An SM is designed to execute all threads in a warp following the SIMD model, i.e., at any instance in time, one instruction is fetched and executed for all threads in the warp. As one instruction is shared across multiple execution units, it allows for a small percentage of the hardware to be dedicated to control, and a large percentage is dedicated to increasing the arithmetic throughput (i.e., cores).

Control Divergence

SIMD execution on a warp suggests that for optimum results, all threads in a warp must follow the same execution path or control flow. An example of this is an if-else statement where the first 24 threads in a warp take the if route, and the remaining 8 take the else route. In a situation like this, hardware will take multiple passes through these diverging paths (i.e., one for if and one for else), adding to the execution resources used by inactive threads in each pass.

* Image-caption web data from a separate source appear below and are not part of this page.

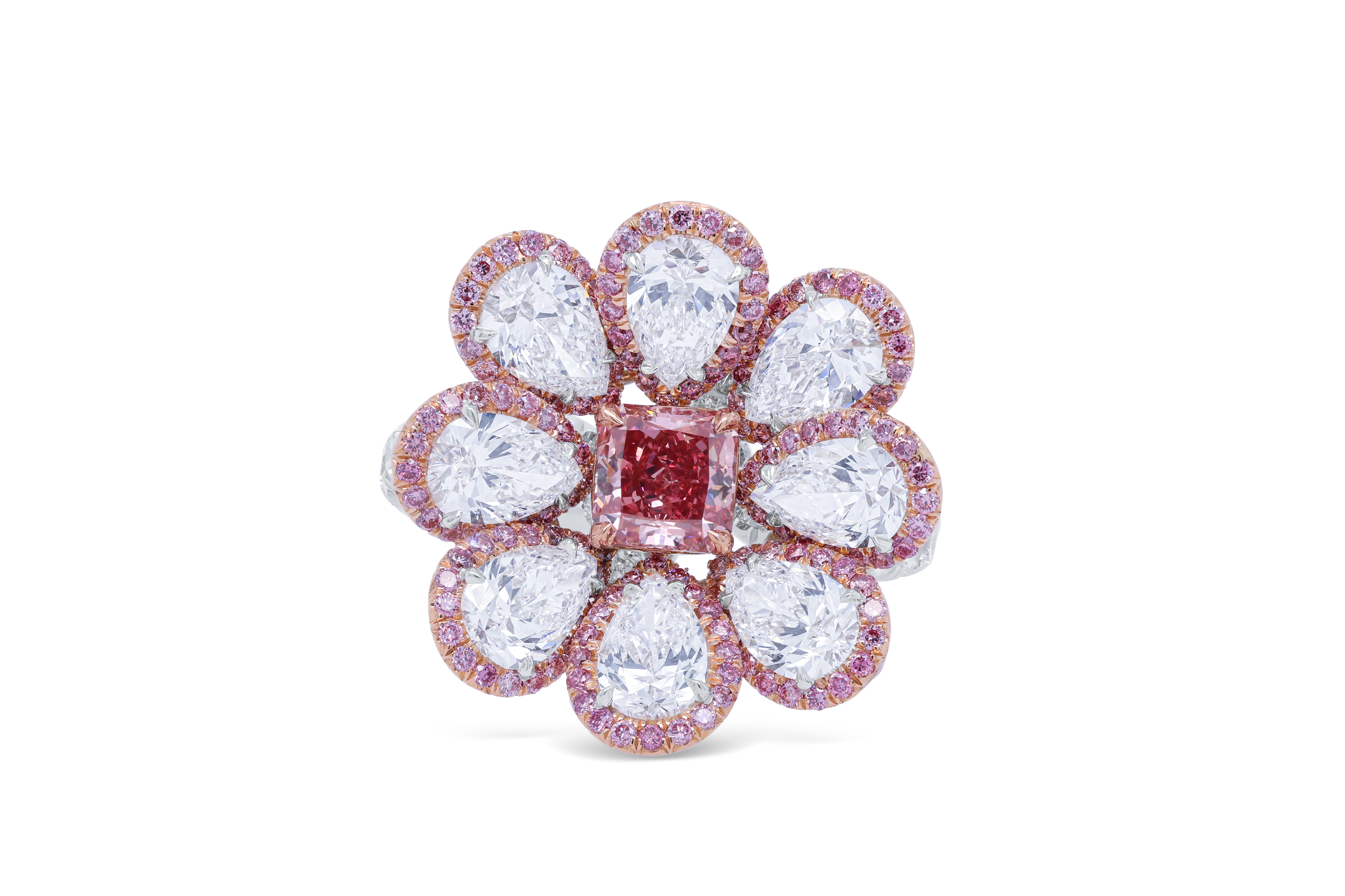 【値下げ】PINK LADY platinum box 2025年最新】ピンクレディ PINK LADY PLATINUM BOX CDの人気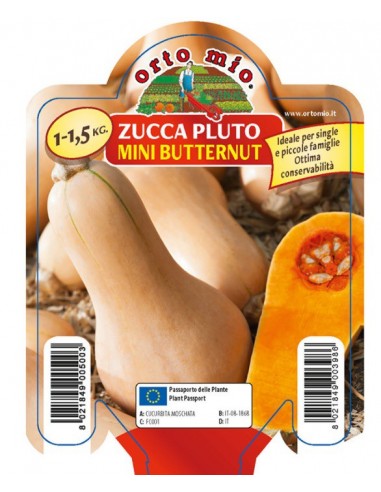 ORTO MIO - PIANTA ALTA QUALITA' -... ORTO MIO - PIANTA ALTA QUALITA' -...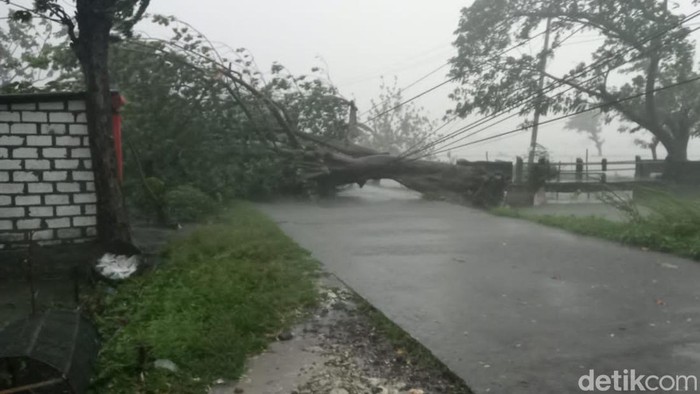angin kencang di lamongan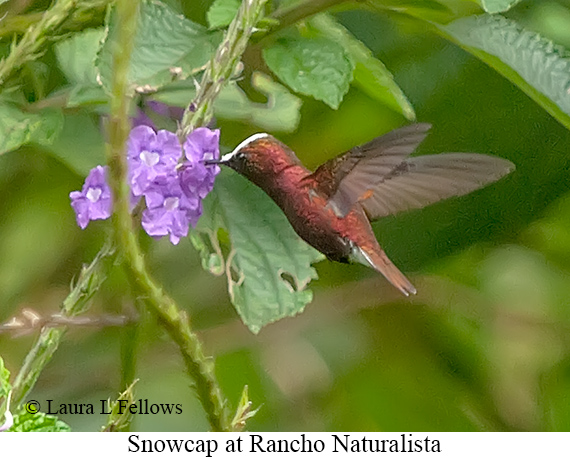 Snowcap - © Laura L Fellows and Exotic Birding LLC Snowcap - © Laura L Fellows and Exotic Birding LLC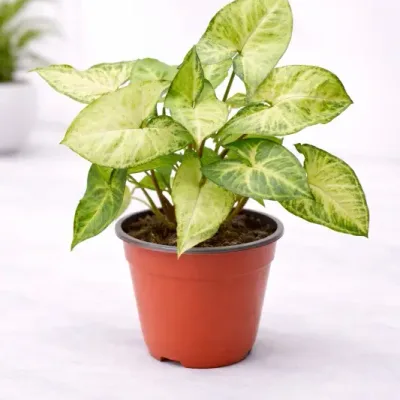 Syngonium Podophyllum Indoor Live Plant by RedHeart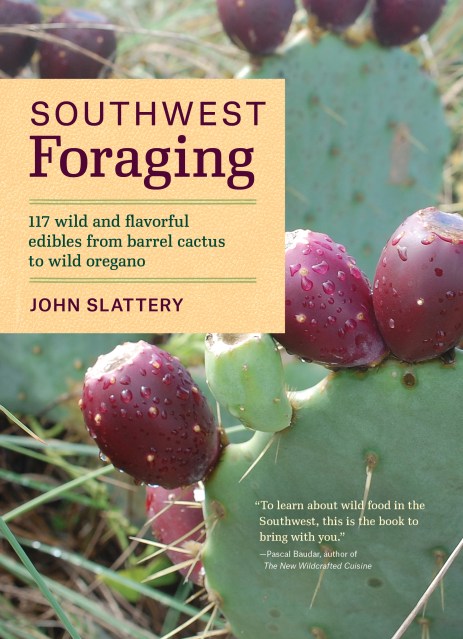 Southwest Foraging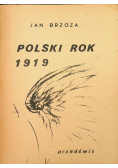 Polski rok 1919
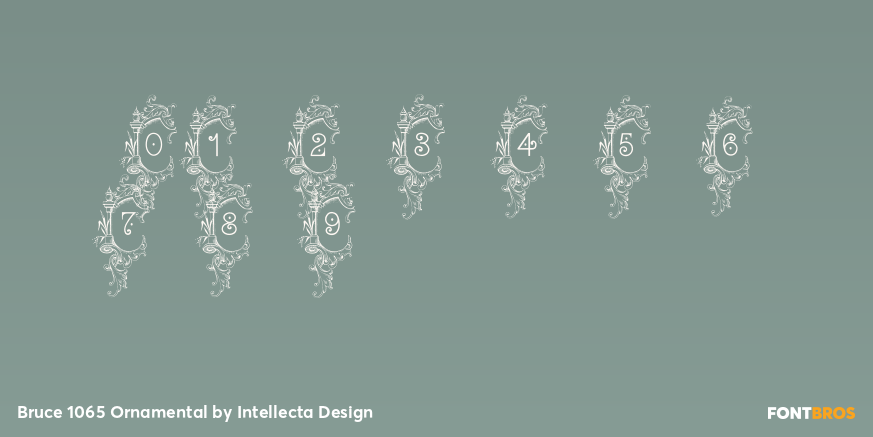 Bruce 1065 Ornamental Font Poster #4
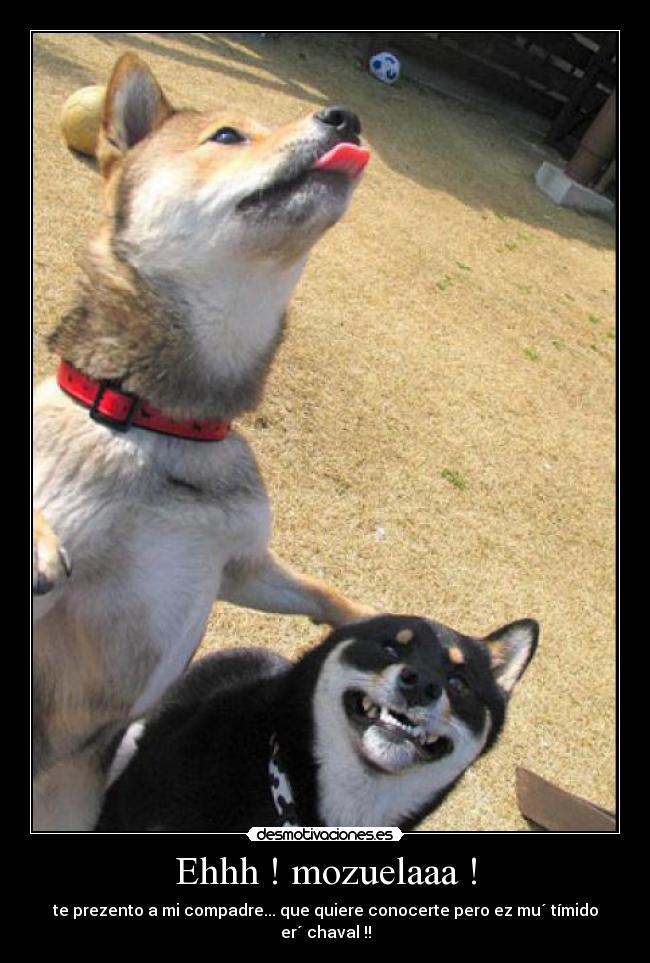 Ehhh ! mozuelaaa ! - te prezento a mi compadre... que quiere conocerte pero ez mu´ tímido er´ chaval !!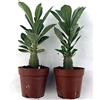 Pungilandia Adenium Obesum Rosa del Deserto - Set 2 Piante Grasse Vere in Vaso 5,5 cm - Pianta Succulenta da Interno ed Esterno.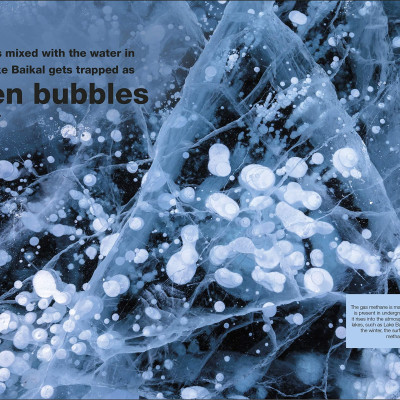 Periodic Table: Facts At Your Fingertips (Pocket Eyewitness)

When threads in the same warp follow different execution paths, then it’s said that the threads exhibit control divergence. It is also important to note that as the size of data increases, the performance impact of thread divergence decreases. For example, in vector addition:

  • When the vector size is 100, 1 of the 4 warps will have control divergence, i.e., it affects 25% of the execution time.
  • When the vector size is 1000, only 1 of the 32 warps will have control divergence, i.e., it affects ~3% of the execution time.

In Pascal and prior architectures, these passes were sequential. However, from the Volta architecture onwards, the passes may be executed concurrently (but there’s no guarantee), and this feature is known as independent thread scheduling.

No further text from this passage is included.